If you notice you consistently fail at certain tasks, it may signal lack of motivation or engagement. On the flip side, if you never fail, you might be a bit too much of a perfectionist. Of course, the more time we put into a project, the better the results tend to be. But that also means we have less time left for other things that need attention. Ask colleagues or loved ones for feedback to better manage your priorities. And allow yourself small failures now and then—unforeseen events are always possible!
Paying closer attention to our failures also teaches us more about ourselves. Two of my biggest failures were being fired for the wrong reasons, even though the business was doing well. Both times, it was because of conflict with my manager—I’d been a little too direct about what I thought of them. The first time taught me the importance of office politics and helped me build better relationships with superiors. The second time made me realize I preferred being my own boss.
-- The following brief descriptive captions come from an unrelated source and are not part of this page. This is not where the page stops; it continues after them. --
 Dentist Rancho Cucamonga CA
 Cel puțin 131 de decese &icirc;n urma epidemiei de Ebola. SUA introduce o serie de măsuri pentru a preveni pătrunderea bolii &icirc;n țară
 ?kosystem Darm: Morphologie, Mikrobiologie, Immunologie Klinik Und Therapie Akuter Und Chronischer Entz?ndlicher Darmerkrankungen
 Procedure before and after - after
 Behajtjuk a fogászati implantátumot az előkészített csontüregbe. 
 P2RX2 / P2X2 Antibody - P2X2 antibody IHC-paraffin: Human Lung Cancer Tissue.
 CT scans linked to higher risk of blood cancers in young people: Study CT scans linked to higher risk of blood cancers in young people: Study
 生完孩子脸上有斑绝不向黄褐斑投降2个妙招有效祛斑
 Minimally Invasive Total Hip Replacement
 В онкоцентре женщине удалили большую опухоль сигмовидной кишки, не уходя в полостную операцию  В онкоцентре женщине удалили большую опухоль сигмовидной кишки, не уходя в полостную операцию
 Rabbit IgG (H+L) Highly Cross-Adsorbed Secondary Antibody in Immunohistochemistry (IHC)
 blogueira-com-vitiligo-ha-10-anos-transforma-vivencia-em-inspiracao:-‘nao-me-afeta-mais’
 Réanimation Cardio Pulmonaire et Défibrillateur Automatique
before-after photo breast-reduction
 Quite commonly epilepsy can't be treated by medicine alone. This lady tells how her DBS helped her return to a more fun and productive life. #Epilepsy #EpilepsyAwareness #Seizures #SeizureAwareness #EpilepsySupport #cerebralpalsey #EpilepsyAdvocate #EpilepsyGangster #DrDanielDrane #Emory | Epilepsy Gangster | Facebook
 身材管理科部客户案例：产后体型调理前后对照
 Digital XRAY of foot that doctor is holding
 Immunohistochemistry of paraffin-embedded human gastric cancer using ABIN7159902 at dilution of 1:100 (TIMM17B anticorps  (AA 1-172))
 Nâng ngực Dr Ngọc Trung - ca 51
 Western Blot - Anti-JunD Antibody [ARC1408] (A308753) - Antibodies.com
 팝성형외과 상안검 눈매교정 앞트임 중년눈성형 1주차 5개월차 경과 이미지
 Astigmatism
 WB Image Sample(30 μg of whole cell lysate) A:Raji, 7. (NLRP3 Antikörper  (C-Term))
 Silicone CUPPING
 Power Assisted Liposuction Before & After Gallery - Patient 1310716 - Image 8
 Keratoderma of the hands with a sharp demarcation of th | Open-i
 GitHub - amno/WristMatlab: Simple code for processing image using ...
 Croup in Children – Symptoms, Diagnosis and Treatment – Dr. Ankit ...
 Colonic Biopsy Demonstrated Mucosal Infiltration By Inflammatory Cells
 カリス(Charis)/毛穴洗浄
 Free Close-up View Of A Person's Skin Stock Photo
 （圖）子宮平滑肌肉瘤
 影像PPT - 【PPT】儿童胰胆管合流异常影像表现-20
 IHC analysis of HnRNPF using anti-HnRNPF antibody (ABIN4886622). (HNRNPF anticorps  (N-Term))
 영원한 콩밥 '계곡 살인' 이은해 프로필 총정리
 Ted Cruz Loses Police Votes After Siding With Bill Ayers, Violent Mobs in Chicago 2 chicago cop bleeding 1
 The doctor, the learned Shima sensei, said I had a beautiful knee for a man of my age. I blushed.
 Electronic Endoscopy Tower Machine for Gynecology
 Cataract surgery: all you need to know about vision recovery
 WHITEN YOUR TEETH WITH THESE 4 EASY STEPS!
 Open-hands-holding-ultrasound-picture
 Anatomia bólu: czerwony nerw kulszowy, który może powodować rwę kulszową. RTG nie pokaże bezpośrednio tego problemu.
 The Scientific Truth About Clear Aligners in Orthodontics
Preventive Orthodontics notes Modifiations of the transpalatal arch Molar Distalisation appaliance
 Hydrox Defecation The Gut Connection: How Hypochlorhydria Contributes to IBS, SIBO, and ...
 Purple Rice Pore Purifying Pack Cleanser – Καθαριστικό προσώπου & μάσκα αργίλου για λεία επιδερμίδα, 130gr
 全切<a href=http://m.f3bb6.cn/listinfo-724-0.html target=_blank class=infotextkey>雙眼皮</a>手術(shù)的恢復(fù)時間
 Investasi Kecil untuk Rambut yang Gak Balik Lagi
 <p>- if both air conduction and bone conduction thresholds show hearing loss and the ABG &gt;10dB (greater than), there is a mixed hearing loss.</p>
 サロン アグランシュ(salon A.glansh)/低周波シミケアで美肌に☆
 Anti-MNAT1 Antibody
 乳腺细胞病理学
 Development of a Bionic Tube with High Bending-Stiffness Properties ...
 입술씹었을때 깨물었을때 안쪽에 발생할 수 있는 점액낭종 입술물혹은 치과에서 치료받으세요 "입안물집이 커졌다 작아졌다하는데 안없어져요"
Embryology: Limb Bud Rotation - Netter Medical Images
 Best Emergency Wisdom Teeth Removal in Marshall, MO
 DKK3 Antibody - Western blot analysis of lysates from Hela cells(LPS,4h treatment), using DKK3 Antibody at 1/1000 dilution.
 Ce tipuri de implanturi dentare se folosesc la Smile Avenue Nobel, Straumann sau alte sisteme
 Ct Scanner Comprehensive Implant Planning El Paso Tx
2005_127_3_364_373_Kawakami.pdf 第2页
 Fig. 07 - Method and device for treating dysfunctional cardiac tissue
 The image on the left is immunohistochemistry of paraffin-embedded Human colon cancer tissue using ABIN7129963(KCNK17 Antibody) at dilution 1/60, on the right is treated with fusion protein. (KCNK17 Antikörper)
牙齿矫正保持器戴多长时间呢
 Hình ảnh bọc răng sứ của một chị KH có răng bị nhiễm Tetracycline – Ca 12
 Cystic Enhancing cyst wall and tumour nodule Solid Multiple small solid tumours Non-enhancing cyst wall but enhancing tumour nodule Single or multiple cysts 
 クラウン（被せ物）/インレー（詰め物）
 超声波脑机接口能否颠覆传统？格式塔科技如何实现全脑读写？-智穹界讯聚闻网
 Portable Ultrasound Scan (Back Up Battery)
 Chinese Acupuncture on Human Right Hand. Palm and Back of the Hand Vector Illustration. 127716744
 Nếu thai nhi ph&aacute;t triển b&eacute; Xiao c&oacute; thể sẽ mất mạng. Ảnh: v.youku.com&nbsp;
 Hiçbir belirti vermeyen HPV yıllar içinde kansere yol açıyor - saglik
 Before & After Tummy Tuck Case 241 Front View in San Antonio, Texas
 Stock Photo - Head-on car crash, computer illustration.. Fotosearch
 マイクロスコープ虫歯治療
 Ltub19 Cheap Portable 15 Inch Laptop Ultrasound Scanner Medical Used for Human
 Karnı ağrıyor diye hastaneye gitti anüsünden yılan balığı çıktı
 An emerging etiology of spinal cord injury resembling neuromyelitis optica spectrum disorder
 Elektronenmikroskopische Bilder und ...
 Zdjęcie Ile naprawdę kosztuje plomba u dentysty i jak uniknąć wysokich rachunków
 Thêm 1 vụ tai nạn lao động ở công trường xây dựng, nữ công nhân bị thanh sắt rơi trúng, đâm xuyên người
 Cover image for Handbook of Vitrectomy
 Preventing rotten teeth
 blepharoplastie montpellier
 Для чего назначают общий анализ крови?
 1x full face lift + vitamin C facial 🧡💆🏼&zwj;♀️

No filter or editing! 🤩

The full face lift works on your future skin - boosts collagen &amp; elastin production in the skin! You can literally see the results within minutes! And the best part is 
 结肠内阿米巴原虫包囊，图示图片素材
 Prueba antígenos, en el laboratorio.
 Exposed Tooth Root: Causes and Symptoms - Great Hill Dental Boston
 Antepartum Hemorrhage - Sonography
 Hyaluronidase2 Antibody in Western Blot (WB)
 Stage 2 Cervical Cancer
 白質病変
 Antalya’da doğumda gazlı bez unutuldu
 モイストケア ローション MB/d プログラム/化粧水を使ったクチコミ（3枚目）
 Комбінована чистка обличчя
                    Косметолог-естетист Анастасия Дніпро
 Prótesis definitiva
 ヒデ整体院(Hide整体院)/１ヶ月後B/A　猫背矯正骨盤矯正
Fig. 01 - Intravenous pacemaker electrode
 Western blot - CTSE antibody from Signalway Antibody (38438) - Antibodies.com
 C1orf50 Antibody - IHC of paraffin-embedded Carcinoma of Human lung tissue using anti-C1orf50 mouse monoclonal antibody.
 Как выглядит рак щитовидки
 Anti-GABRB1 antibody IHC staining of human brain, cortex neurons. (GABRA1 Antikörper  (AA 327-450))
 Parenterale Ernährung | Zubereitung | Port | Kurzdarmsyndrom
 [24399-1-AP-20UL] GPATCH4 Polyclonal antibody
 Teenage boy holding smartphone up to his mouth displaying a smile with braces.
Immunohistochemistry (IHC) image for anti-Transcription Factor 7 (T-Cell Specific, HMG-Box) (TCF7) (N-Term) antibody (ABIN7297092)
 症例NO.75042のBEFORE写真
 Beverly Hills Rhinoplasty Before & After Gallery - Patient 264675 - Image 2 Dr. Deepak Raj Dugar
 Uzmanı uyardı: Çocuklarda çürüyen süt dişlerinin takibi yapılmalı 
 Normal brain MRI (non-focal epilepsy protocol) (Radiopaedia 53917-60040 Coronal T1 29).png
That’s when I founded Be&Lead. Even though these failures were hard to swallow at the time, I managed to take enough distance to understand them,and I’m grateful for them every day since.
Observing our failures also helps us gauge the value we place on something. If we can’t move forward after a failure, maybe we weren’t truly motivated by that goal in the first place. In her first year of medical school, my daughter didn’t rank very well. I wondered if it was really the path she wanted to follow. But that setback only made her more determined, she doubled her efforts and passed the year on her first try!
Even if they’re tough to digest in the moment, let’s regularly revisit our failures. We’ll know ourselves better. We’ll build greater self-confidence. We’ll transform failures into success!